En termes juridiques, la personne qui bénéficie de l'obligation alimentaire est appelée « créancier d'aliments », bien qu'elle ne reçoive pas, stricto sensu, des « aliments ». Celle qui la verse est un « débiteur d'aliments ».
Ce devoir d'assistance aux ascendants dans le besoin s'applique également aux « gendres et belles-filles », étant cependant précisé qu'il « cesse lorsque celui des époux qui produisait l'affinité et les enfants de son union avec l'autre époux sont décédés »1(*).
Toutefois, si un ascendant n'est plus en mesure de subvenir à ses besoins, le devoir de secours que se doivent les conjoints entre eux prime l'obligation alimentaire qui repose sur les descendants2(*).
Cette obligation alimentaire, qui relève d'une assistance matérielle et non d'une assistance morale, peut se traduire de deux manières : par une contribution financière ou par une aide en nature, par exemple en logeant le créancier chez soi.

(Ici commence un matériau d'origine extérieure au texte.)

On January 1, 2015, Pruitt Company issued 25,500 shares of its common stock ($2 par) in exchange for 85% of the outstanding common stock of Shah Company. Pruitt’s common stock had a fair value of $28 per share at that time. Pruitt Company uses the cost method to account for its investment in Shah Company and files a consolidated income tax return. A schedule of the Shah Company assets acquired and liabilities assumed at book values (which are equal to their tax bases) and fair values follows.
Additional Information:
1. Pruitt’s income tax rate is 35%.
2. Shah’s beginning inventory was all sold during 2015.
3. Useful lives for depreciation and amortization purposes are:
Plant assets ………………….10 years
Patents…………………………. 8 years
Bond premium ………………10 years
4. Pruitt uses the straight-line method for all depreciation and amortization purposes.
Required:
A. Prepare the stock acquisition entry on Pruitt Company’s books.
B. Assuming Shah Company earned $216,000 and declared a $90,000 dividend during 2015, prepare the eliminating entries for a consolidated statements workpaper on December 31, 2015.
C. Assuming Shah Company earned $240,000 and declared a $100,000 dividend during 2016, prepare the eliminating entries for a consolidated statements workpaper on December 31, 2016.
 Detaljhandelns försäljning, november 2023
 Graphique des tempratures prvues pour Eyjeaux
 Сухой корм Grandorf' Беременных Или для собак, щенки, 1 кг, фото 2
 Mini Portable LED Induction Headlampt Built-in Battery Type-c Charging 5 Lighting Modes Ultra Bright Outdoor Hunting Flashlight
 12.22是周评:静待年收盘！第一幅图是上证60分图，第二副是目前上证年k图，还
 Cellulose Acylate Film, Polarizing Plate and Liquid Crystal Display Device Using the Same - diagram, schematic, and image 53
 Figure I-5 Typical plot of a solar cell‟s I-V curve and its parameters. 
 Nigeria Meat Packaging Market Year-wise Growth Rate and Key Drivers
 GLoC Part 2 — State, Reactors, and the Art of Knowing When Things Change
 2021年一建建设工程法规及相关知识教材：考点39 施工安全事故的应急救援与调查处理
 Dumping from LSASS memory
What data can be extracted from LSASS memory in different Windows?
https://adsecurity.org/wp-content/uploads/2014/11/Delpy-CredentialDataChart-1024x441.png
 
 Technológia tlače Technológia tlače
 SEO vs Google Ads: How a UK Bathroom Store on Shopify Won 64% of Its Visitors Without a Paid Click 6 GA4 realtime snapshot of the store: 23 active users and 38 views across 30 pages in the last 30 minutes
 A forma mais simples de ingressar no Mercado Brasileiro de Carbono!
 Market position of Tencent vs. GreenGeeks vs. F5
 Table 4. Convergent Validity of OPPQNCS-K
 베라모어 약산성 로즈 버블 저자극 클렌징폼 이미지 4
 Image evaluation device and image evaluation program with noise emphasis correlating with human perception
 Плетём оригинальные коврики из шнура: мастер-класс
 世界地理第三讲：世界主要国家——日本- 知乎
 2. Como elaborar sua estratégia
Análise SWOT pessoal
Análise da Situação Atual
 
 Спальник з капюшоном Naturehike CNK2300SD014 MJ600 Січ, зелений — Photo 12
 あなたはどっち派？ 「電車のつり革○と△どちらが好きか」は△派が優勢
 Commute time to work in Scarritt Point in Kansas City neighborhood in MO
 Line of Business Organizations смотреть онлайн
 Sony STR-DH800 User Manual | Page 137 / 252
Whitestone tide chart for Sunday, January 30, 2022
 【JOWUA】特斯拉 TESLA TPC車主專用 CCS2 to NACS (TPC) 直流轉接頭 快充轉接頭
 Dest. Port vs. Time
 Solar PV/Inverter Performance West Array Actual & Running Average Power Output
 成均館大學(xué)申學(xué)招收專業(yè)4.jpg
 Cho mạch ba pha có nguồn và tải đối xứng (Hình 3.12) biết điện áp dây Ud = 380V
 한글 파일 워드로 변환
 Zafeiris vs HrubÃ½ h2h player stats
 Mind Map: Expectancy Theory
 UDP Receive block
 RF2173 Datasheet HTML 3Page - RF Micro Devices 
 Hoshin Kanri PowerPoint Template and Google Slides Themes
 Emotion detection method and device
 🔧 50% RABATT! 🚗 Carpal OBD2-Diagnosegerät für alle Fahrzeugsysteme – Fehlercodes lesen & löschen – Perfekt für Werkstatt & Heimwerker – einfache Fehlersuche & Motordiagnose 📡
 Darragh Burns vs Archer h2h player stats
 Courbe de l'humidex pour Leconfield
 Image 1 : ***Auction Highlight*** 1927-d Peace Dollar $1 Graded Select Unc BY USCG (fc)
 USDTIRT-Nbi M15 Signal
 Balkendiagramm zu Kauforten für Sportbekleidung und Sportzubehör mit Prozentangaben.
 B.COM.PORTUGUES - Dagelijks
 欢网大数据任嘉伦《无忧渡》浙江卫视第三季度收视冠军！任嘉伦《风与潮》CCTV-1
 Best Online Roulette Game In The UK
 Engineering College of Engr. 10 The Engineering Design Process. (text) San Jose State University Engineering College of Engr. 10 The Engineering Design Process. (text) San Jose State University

Dans la pratique, cette aide est, dans une écrasante majorité des cas, attribuée à l'amiable, au sein de l'intimité des familles et éventuellement à la suite d'échanges avec le conseil départemental, notamment pour prendre en charge les frais d'hébergement en établissement d'hébergement pour personnes âgées dépendantes (EHPAD). En effet, lorsqu'une aide sociale à l'hébergement (ASH) est sollicitée, le conseil départemental doit d'abord se tourner vers les débiteurs alimentaires pour fixer le montant de l'aide financière en fonction de leur capacité contributive.
Selon une étude du ministère de la santé et de l'accès au soin publiée en 20233(*), un tiers des bénéficiaires de l'ASH qui ne sont pas mariés ont des débiteurs d'aliments qui sont sollicités par le conseil départemental, qui versent en moyenne 270 euros au titre de leur obligation alimentaire. Toutefois, ce montant n'est pas représentatif du montant moyen des obligations alimentaires, dans la mesure où il n'inclut pas les contributions versées spontanément, hors ASH.
Si aucun accord amiable n'émerge, le créancier ou l'un des débiteurs, s'il estime que la répartition des charges n'est pas équitable entre eux, peut saisir le juge aux affaires familiales.
Dans ce cas, le juge apprécie, en premier lieu, si le créancier est, comme le dispose l'article 205 du code civil, « dans le besoin ». La charge de la preuve repose à ce titre sur le créancier, qui doit donc démontrer qu'il ne peut subvenir à ses besoins fondamentaux. Si ce « besoin » est démontré, le juge fixe le montant ou les modalités de l'aide que devront apporter les débiteurs, ainsi que la répartition de cette aide entre eux. Aux termes de l'article 208 du code civil, cette aide n'est en effet accordée « que dans la proportion du besoin de celui qui [la] réclame, et de la fortune de celui qui [la] doit ».
* 1 Article 206 du code civil.
* 2 Cour de cassation, Première chambre civile, 4 novembre 2010, 09-16.839
* 3 Voir la rubrique « Pour en savoir plus ».